In your copy of the data, omit the pictures and keep all else exactly as given.

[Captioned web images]
= = =

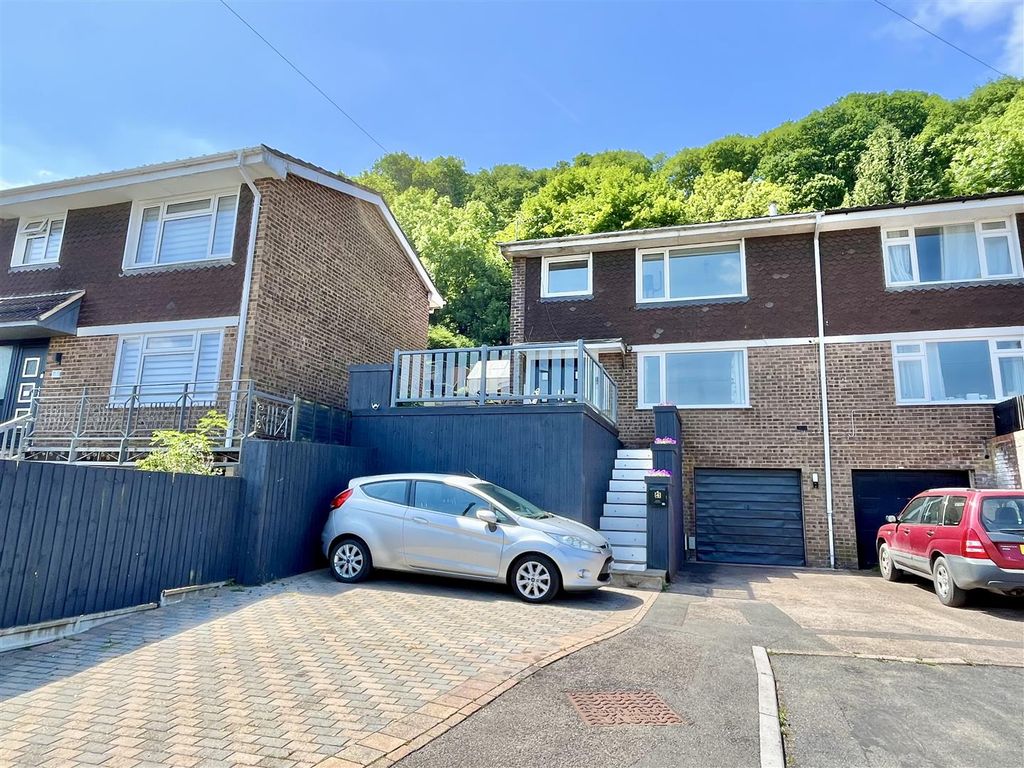 Property photo 2 of 30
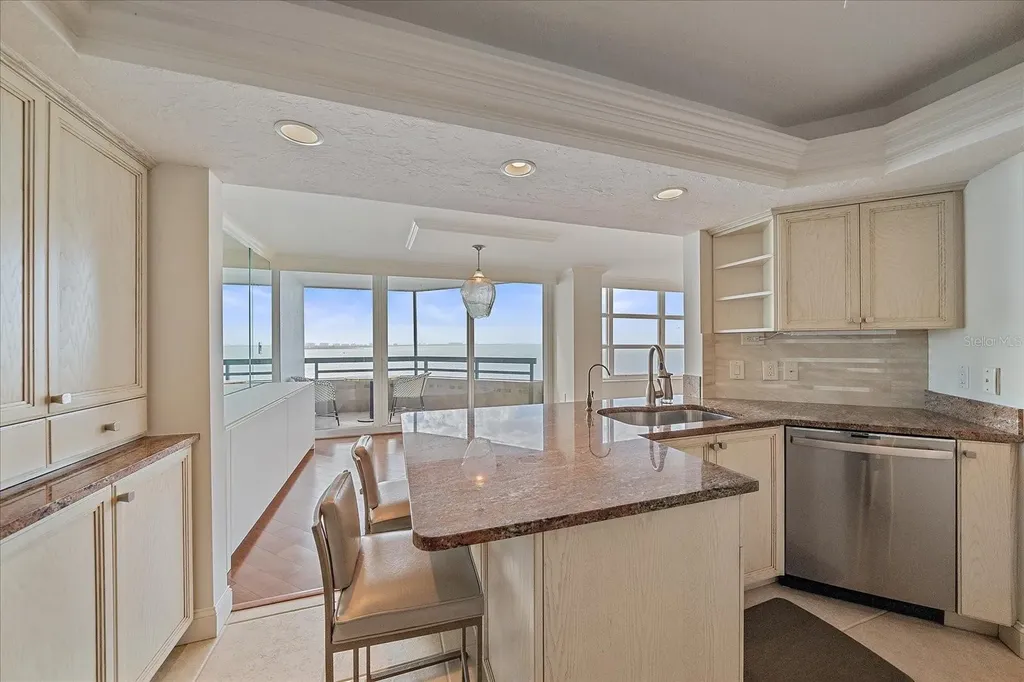 888 Boulevard Of The Arts Sarasota FL 34236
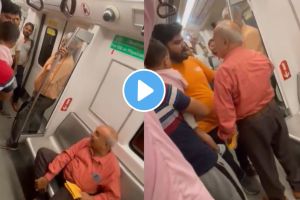 an Old uncle and a young boy inside Delhi metro over seat issues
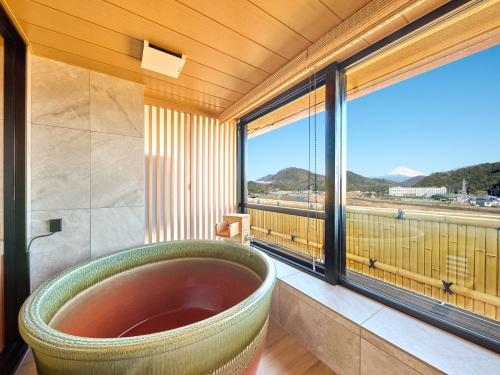 izu nagaoka onsen fugaku hanabusa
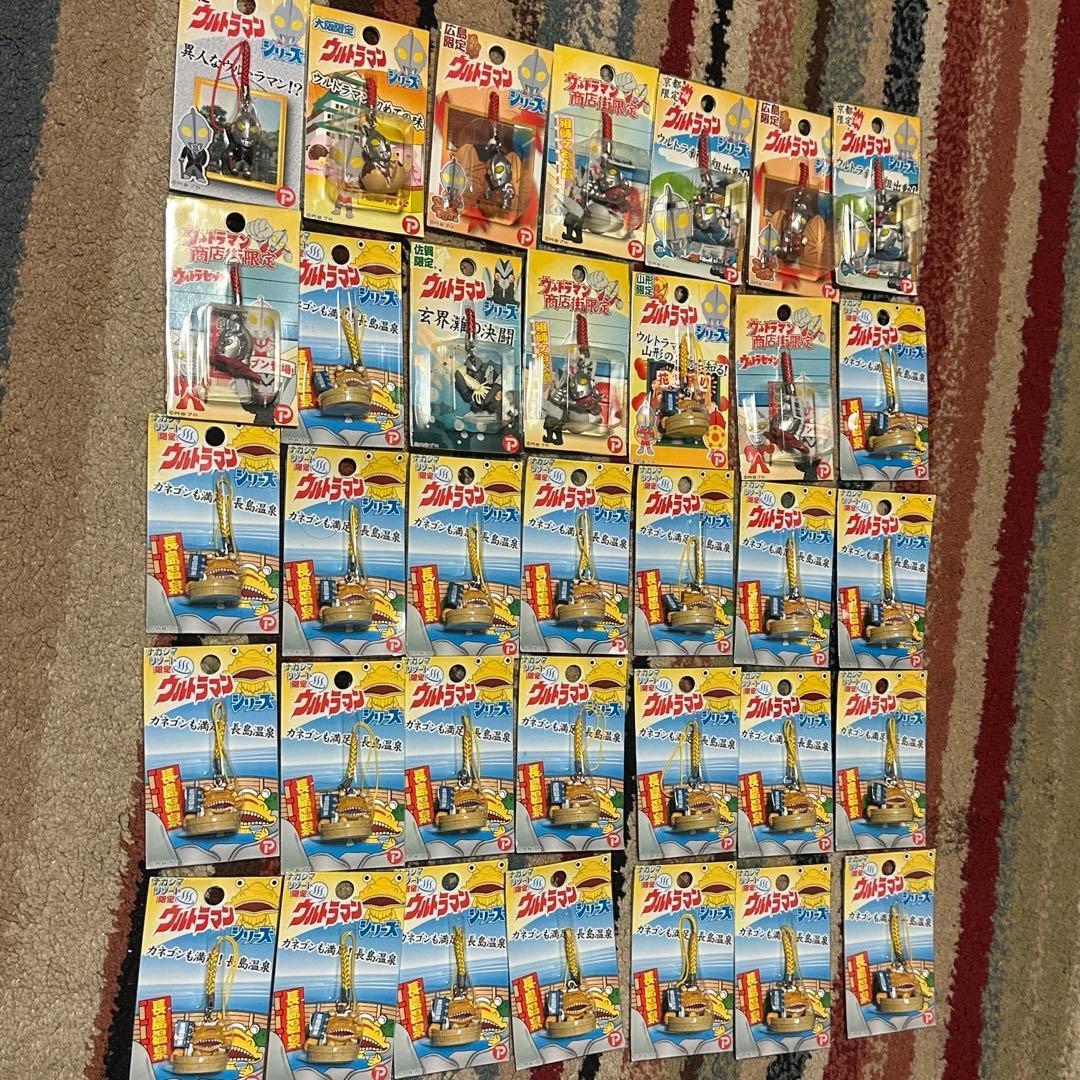 ウルトラマンご当地ストラップ大量35個まとめ売り - メルカリ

= = =

**RESPONSE:**
 Property photo 2 of 30
 888 Boulevard Of The Arts Sarasota FL 34236
 an Old uncle and a young boy inside Delhi metro over seat issues
 izu nagaoka onsen fugaku hanabusa
 ウルトラマンご当地ストラップ大量35個まとめ売り - メルカリ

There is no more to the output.